Immediately after frosting.

Trader Jacqui’s Blogging Debut!!! Eggplant Pasta

Sometimes, veggies are rotten before you even bring them home. Sometimes, they’re just sitting on the shelf, hiding their dirty rotten secret under their glamorous purple skin, and you have no idea until it’s too late and it’s snowing outside and the curbs are already prepped for the “is it street or is it slush?” game and your cooking partner’s only pair of shoes is high-heeled leather (pleather?) boots. That is exactly the kind of night it has to be for you to discover that your main ingredient is just not going to make the cut.

However, this cooking partner of mine (you all know her as the true owner of this blog) and I have been together for the better part of two decades, and mushy brown eggplant really can’t stop us. We’ve been cooking for longer than I can remember. Our middle-school selves were hooked on filming the process of preparing store-brand macaroni and cheese. Photos wouldn’t have been able to capture that titillating gushy noise you get while stirring the freshly cooked processed goodness. We once tried to make cheese out of skim milk. After that we made soft pretzels … with sprinkles mixed in. We eventually graduated to trying out the cake recipes in Betty Crocker’s Picture Cookbook (i.e. the quintessential guide to being a housewife), but to no avail (whipped egg whites does not a frosting make). I’d say our failures were due not to our own relative shittiness, but to the recipes themselves, and their incomprehensible lack of user-friendliness.

And so, thanks to our almost-two decades of failures, it felt natural for us to be forced into the sparkly NYC snow, me in my galoshes, her in my two-sizes-too-big snow boots, to pick up a new eggplant, boyfriend in tow. And I’m glad we did. We also got a can of diced tomatoes to replace the bruschetta called for in the recipe (taken from The I Love Trader Joe’s Vegetarian Cookbook). The recipe was a pretty basic veggie-over-pasta concoction. It was very wintery with eggplant, cremini mushrooms (Julie calls them “fancy mushrooms”), and bowtie pasta. We added one sweet onion, caramelized.

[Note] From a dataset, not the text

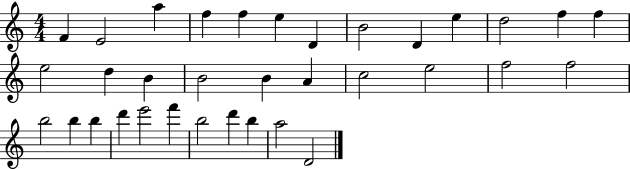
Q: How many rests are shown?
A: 0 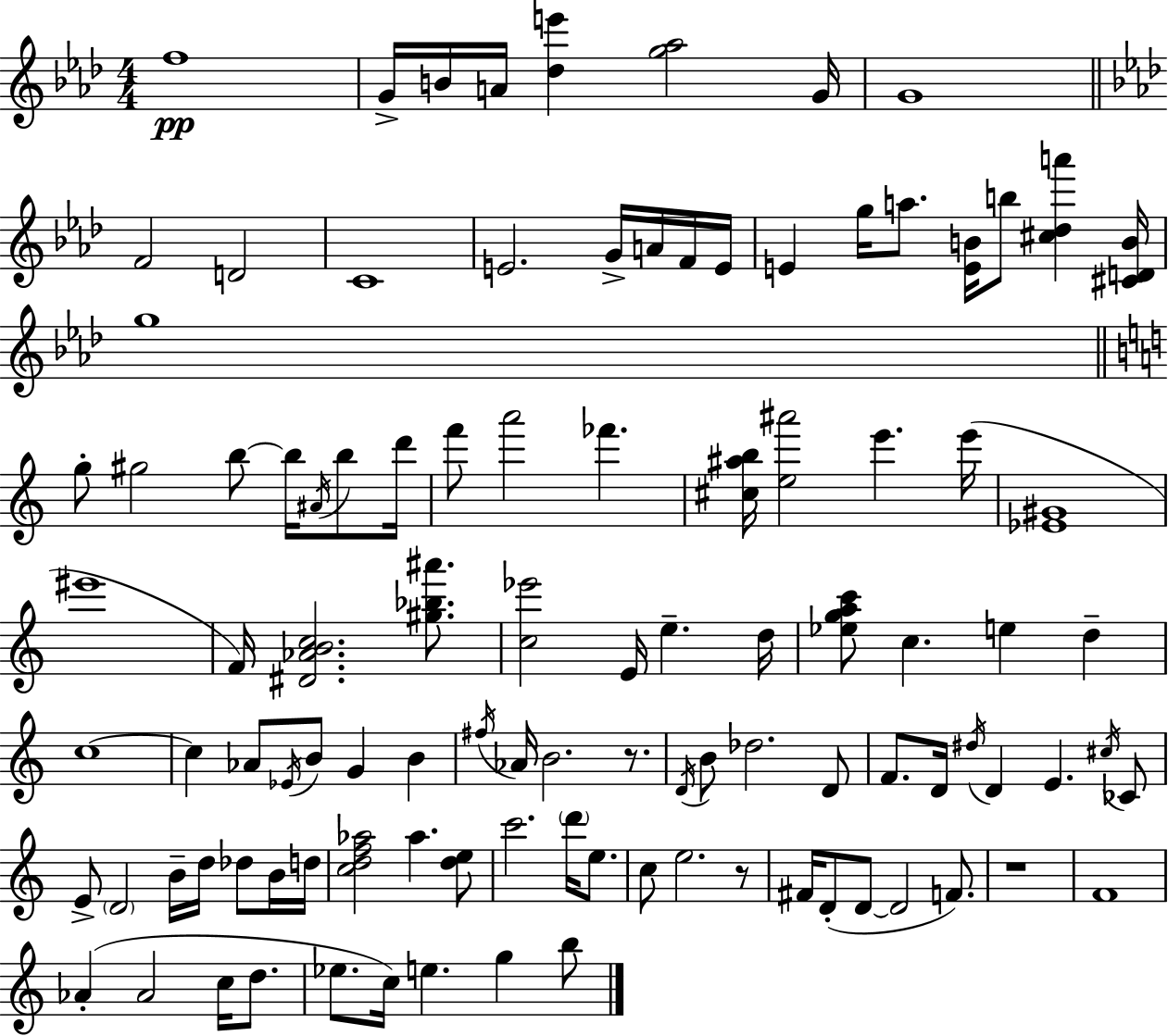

I’ve always been a control freak in my kitchen, but I’m trying to loosen up and let Julie take the lead every once in a while. Even as I saw her pick up the bottle of olive oil without a measuring tool and carry it over to our frying pan, I let it happen. Then, I poured some of the olive oil from the pan down the drain. I guess I still have a ways to go on that one. So we caramelized the onions (I wish Julie had gotten a picture of me slicing the onions in ski goggles) and then added garlic, sliced creminis, diced tomatoes, and the new eggplant, which had been sweating for about half an hour.

I threw in a whole bunch of Bohemian Forest Rub, a mix from Savory Spice Shop in Austin, TX. We let that simmer on medium-low heat for about ten minutes and cooked up the pasta.

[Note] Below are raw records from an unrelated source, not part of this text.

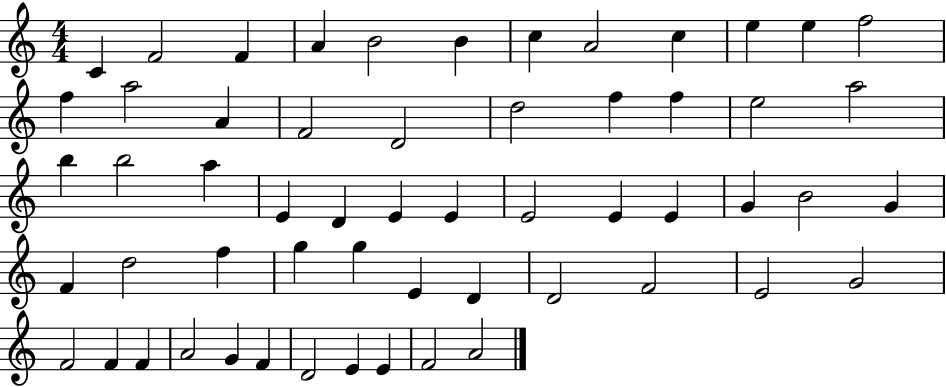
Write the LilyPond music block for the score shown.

{
  \clef treble
  \numericTimeSignature
  \time 4/4
  \key c \major
  c'4 f'2 f'4 | a'4 b'2 b'4 | c''4 a'2 c''4 | e''4 e''4 f''2 | \break f''4 a''2 a'4 | f'2 d'2 | d''2 f''4 f''4 | e''2 a''2 | \break b''4 b''2 a''4 | e'4 d'4 e'4 e'4 | e'2 e'4 e'4 | g'4 b'2 g'4 | \break f'4 d''2 f''4 | g''4 g''4 e'4 d'4 | d'2 f'2 | e'2 g'2 | \break f'2 f'4 f'4 | a'2 g'4 f'4 | d'2 e'4 e'4 | f'2 a'2 | \break \bar "|."
} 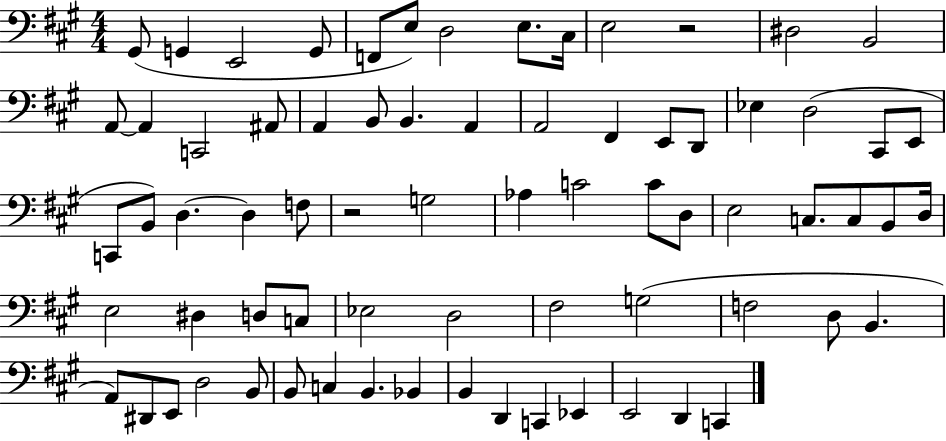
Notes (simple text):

G#2/e G2/q E2/h G2/e F2/e E3/e D3/h E3/e. C#3/s E3/h R/h D#3/h B2/h A2/e A2/q C2/h A#2/e A2/q B2/e B2/q. A2/q A2/h F#2/q E2/e D2/e Eb3/q D3/h C#2/e E2/e C2/e B2/e D3/q. D3/q F3/e R/h G3/h Ab3/q C4/h C4/e D3/e E3/h C3/e. C3/e B2/e D3/s E3/h D#3/q D3/e C3/e Eb3/h D3/h F#3/h G3/h F3/h D3/e B2/q. A2/e D#2/e E2/e D3/h B2/e B2/e C3/q B2/q. Bb2/q B2/q D2/q C2/q Eb2/q E2/h D2/q C2/q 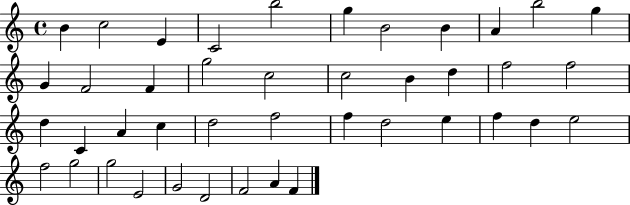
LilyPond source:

{
  \clef treble
  \time 4/4
  \defaultTimeSignature
  \key c \major
  b'4 c''2 e'4 | c'2 b''2 | g''4 b'2 b'4 | a'4 b''2 g''4 | \break g'4 f'2 f'4 | g''2 c''2 | c''2 b'4 d''4 | f''2 f''2 | \break d''4 c'4 a'4 c''4 | d''2 f''2 | f''4 d''2 e''4 | f''4 d''4 e''2 | \break f''2 g''2 | g''2 e'2 | g'2 d'2 | f'2 a'4 f'4 | \break \bar "|."
}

It all went into a big polka-dotted oval stone dish, with plenty of goat cheese available on the side. I am entirely convinced that everything I cook looks better in a round or oval dish.

In the end, the eggplant was still a bit too bitter. I guess we should pay more attention to the seasons when we cook, or skin the eggplant first, or cut it into smaller pieces. I’d say the dish would have been phenomenal without the eggplant, maybe even served over toasted French bread. We rounded the meal off with a “mixed green” salad, red wine vinaigrette, five-buck pinot grigio, and an ooey gooey cinnamon square dessert (god bless Smitten Kitchen) that I’d prepared beforehand over ice cream.

All in all, a wonderful snowday meal, and quite beginner-friendly and quick. And Julie overcame her fear of goat cheese. And I overcame my fear of Julie in my kitchen.